A Queen Anne’s County man was arrested this week on charges of attempted murder following an alleged physical assault that included threats to kill the survivor with a shotgun. The woman’s partner fired at or near her, but she was not hit by the shot. The victim suffered repeated physical assault for almost two hours before being able to leave the home and call 911.
The case highlights two ongoing problems with gun policy in Maryland as it relates to domestic violence.
- Many Maryland legislators continue to argue that handguns are the only guns used in domestic violence assaults or homicides. As a result, they say, shotgun ownership or possession doesn’t need to be addressed in domestic violence policy or law. Nothing could be further from the truth. Although the majority of domestic violence homicides occur with handguns, shotguns are also used in many murders of both intimate partners and children. As recently as 2007 a mother and three children were killed by the ex-partner/father with a shotgun in Montgomery County (see Brockdorff case).
- The man charged in the recent Queen Anne case, Craig Sudler Willis, was banned by Maryland law from possessing a firearm. Stricter enforcement procedures are needed in Maryland law to ensure that those convicted of assault or a felony do not continue to own firearms.

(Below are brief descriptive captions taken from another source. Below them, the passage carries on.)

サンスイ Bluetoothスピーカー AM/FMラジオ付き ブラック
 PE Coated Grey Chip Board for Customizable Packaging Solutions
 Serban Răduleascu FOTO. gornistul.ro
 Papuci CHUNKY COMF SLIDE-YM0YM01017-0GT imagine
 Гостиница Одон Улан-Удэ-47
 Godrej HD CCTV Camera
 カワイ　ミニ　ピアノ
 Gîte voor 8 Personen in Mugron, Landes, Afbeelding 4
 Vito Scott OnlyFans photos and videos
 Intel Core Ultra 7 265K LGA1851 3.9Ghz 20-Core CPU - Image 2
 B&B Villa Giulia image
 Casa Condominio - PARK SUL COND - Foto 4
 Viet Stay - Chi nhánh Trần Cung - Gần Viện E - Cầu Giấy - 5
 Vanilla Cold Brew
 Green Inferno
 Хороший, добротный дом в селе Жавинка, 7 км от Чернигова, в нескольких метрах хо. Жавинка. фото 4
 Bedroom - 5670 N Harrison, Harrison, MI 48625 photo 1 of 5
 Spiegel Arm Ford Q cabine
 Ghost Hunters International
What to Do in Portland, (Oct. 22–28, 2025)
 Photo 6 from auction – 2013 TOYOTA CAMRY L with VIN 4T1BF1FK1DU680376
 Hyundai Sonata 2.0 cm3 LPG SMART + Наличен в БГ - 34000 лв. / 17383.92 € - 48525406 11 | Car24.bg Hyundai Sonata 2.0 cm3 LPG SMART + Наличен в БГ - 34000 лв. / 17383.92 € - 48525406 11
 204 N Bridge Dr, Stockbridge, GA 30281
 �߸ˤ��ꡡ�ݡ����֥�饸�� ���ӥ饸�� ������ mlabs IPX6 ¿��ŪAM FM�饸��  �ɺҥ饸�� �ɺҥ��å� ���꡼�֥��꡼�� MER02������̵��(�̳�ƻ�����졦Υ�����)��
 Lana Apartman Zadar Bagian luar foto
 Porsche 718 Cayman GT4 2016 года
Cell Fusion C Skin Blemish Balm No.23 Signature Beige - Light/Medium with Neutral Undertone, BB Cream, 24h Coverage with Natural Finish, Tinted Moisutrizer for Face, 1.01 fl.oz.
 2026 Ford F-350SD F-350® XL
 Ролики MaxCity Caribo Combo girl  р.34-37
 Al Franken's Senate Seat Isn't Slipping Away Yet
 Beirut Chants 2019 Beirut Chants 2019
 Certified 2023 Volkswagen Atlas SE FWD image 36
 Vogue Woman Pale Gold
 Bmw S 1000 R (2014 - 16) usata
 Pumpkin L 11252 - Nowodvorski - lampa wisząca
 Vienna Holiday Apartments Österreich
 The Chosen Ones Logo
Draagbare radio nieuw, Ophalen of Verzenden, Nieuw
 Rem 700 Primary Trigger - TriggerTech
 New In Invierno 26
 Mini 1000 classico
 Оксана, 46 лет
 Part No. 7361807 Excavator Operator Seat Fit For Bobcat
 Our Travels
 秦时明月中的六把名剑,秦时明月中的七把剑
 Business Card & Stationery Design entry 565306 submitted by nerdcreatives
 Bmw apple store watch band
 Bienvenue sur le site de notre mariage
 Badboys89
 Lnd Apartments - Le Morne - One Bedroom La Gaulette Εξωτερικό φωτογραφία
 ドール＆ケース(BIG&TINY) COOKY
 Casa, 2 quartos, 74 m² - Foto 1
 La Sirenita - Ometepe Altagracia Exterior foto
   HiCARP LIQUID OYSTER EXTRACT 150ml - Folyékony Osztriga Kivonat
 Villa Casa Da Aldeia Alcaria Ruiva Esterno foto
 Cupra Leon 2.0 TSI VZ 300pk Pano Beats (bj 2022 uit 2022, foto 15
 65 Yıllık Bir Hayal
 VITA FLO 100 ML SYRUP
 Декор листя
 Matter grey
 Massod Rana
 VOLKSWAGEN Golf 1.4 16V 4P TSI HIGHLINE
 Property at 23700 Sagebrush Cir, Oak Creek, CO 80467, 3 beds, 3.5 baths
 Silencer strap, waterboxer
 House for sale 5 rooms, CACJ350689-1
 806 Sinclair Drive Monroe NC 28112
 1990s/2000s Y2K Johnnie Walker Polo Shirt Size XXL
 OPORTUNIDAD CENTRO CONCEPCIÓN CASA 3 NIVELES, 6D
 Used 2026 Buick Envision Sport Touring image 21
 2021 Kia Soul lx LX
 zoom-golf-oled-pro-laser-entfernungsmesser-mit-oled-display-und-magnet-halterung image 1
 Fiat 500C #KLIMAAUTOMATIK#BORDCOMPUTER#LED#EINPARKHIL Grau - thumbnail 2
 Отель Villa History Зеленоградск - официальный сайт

Montgomery County judges virtually never tell defendants convicted of second degree assault that they may no longer possess any type of gun under Maryland law. We don’t expect all convicted defendants to automatically obey the law regarding gun possession – but notification by a judge is an important first step. There is evidence to suggest that many people convicted of crimes want to avoid further problems with the law — and Maryland’s minimum five year sentence for possessing a firearm when you are a prohibited person will be a strong deterrent in some cases. Further enforcement procedures are necessary to mandate compliance.